Single by Elisa

from the album Diari aperti
- Released: September 13, 2019
- Genre: Pop
- Length: 4:00
- Label: Universal
- Songwriter: Davide Petrella;
- Composer: Elisa;
- Producers: Elisa Toffoli; Andrea Rigonat; Taketo Gohara;

Elisa singles chronology
| "Birds" (2019) | "Tua per sempre" (2019) | "Blu Part II" (2019) |

= Tua per sempre =

"Tua per sempre" is a song by Italian singer Elisa, released through Universal on September 23, 2019, as the fifith single from her tenth studio album Diari aperti.

== Composition ==
The song, written by Davide Petrella and arranged by Elisa, with Andrea Rigonat and Taketo Gohara, is based on a letter from the 1940s sent by a woman to her partner who had been enlisted in the Second World War.
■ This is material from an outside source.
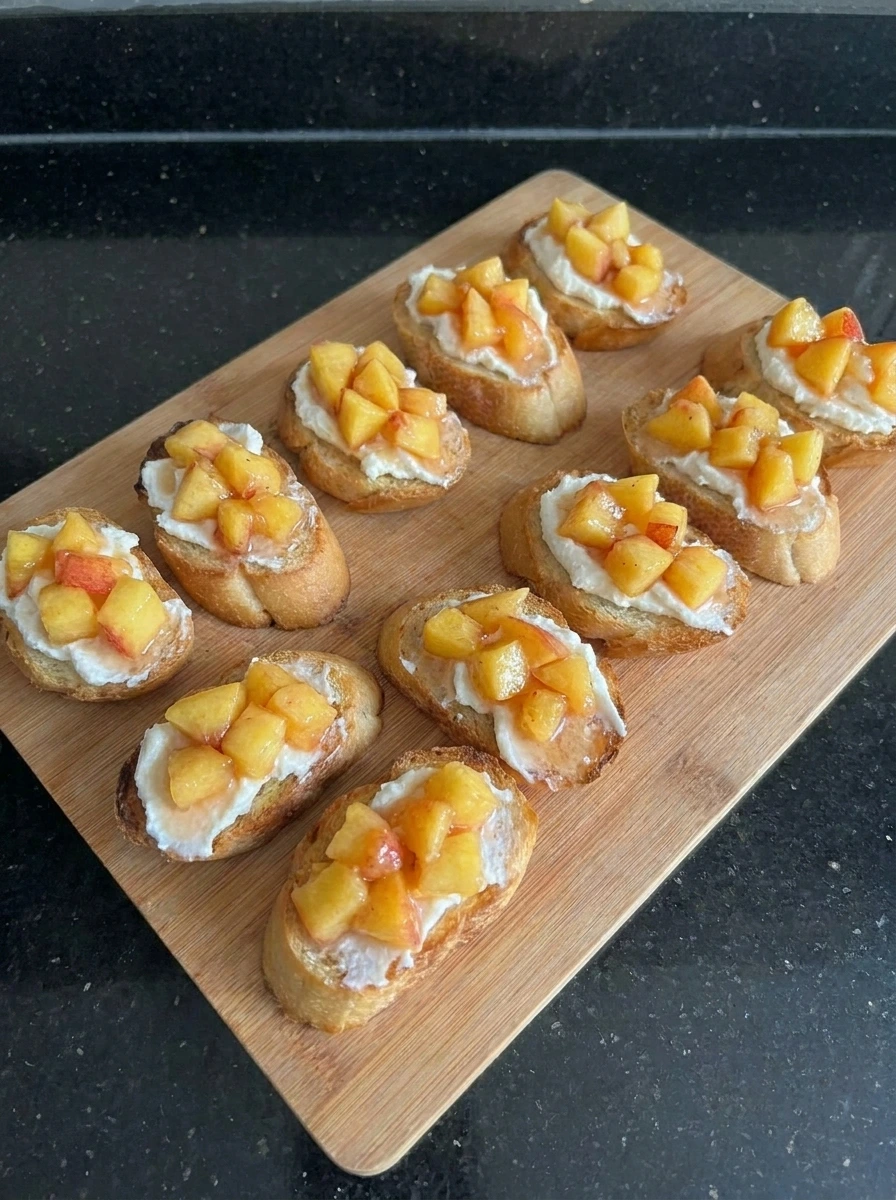 Peaches spooned over ricotta toast for Peach Bruschetta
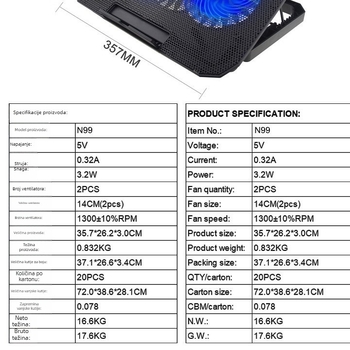 N99 nosač za hlađenje laptopa s dvostrukim ventilatorima, zračno hlađenje, podesiva visina, kompatibilan s notebook računalima, ultrabookovima i PlayBookom.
Elisa explained the meaning of the song and her decision to perform it:"Petrella was inspired by a letter from a wife to her soldier husband, written during the war in the 1940s. This album is full of true stories, and this is another page from those open diaries that are not only mine, but also contain the feelings and emotions of many lives, lived in different times but with the same values."

== Critics reception ==
Reviewing the album Diari aperti, Fabio Fiume of All Music Italia describes the song as a "ballad that thrives on the contrast between the strong beat and the choice to interpret it in soft falsetto in the verses", which are "often doubled vocally", with a "full, melodious and even pretentious interlude".

== Music video ==
The music video, directed by the duo Attilio Cusani, was released to coincide with the single's release on 13 September 2019.

== Charts ==

| Chart (2019) | Peak position |
|---|---|
| Italy (FIMI) | 88 |
| Italy (EarOne Airplay) | 4 |

== Certifications ==

| Region | Certification | Certified units/sales |
| Italy (FIMI) | Gold | 25,000^{‡} |
^{‡} Sales+streaming figures based on certification alone.